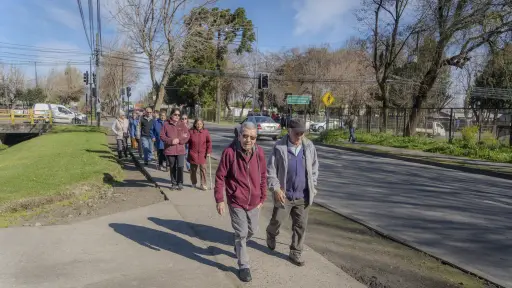 Personas mayores conmemoran el mes del corazón con caminata saludable en Los Ángeles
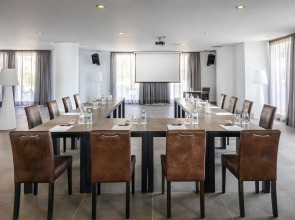 Отель Barcelo Santiago — Adults Only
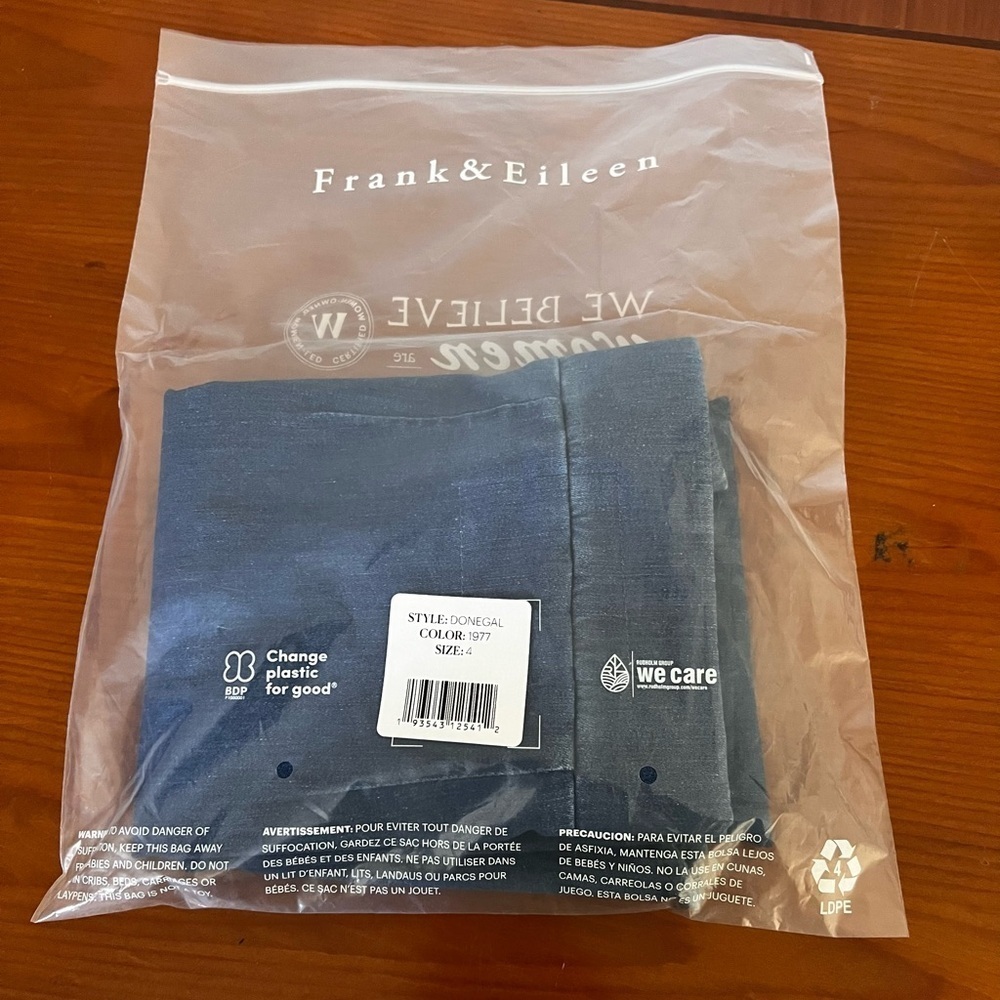 NWOT Frank & Eileen Donegal Unforgettable Italian Performance Denim Skirt Sz 4 - Picture 9 of 10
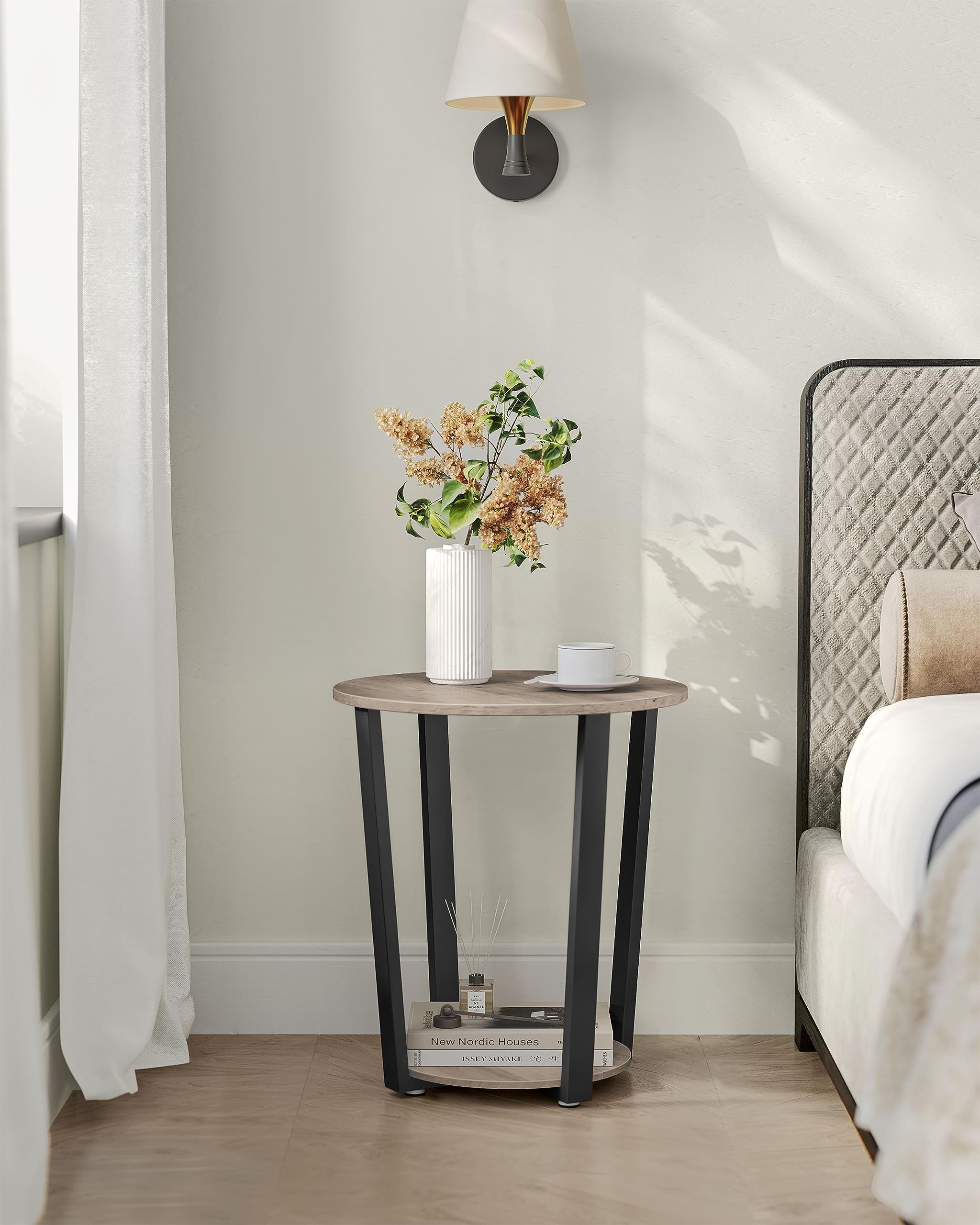 VASAGLE black metal frame bars provide industrial flair and sturdy support.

▶ _Your instructions_
Without any pictures, write out the lines running from the one containing "Отель Barcelo Santiago — Adults Only" through the end of the listing above, both included, exactly as given.

▶ _Solution for this task_
 Отель Barcelo Santiago — Adults Only
 NWOT Frank & Eileen Donegal Unforgettable Italian Performance Denim Skirt Sz 4 - Picture 9 of 10
 VASAGLE black metal frame bars provide industrial flair and sturdy support.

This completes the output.